It seems like 2013 is zooming by!  I can hardly believe that it’s already April.  This year has already been amazing, and I’m really excited to see what God has in store for the rest of the year.  Preacherman and I have been enjoying our life together as newlyweds, and are learning, loving, laughing, and growing together every day.  It’s so much fun being married to your best friend!

I’m not one for resolutions, but going into this year, I knew that I wanted to focus on my dissertation and getting into a healthy exercise routine.  Along with that, I wanted to be better about reading and studying my word, and getting to work on time.  After experiencing some challenges, I feel like I’m finally on track.

More than anything, I’ve learned the value of consistency and persistence.  Every thing that I’ve committed to focusing on this year does not yield immediate results.  And I, like the rest of us, am used to getting results when I want them.  Our microwave society, complete with all the technology that I could ever desire (until some marketing gurus convince me that I need something else), has conditioned me to want the results immediately.  This is SO unhealthy.  Anything worth having takes time.  If we rush the process, we don’t get to enjoy the product in its’ best form.  Can it stand on its’ own?  Maybe.  But you can never know the value of waiting without actually waiting and seeing the process all the way through.

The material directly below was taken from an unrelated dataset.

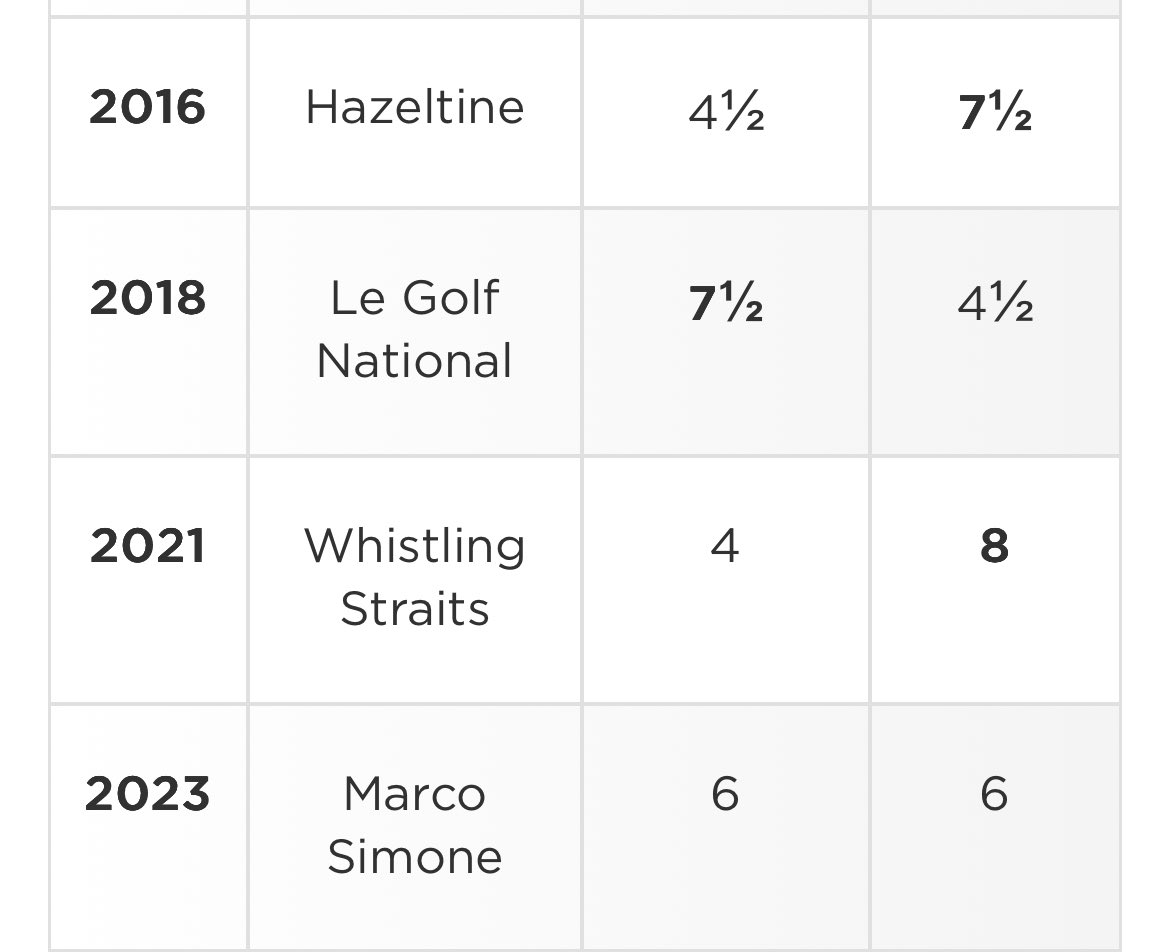 CryptoDefiGemM1's tweet photo. @4golfonline Last 5 RC’s, including Bethpage.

But also, each of the things that I’m focusing on for this year are mostly dependent on me.  Meaning, if I’m not seeing the progress I desire, it’s more than likely the result of something that I’ve done- or failed to do.  So, if I’m failing to be consistent and persistent, I’m not going to see the results.  It’s no one’s fault but mine.  Coming to grips with that has truly allowed for me to take ownership of my behavior so that I can be sure that I’m getting the desired results.

What does all this equate to: discipline.  In regards to my healthy exercise routine, it’s meant getting up early or carving time in the evenings to work out; but also taking the time to make sure I’m eating the right things and tracking my food and exercise intake.  In regards to my dissertation, it’s meant constantly seeking feedback from my advisor and doing revision after revision, even when I don’t understand or see the need in revising.  In reading my word, it’s meant taking stock of my time, and not being afraid to press reset when I’ve done a poor job at managing my time and my priorities.  What I’ve realized is that if I fail to be disciplined, I’m going to experience a failure of some sort down the line.

I’m looking forward to applying the lessons learned during this first quarter to the rest of the year, and finishing stronger than ever!

Be encouraged!  Peace and blessings!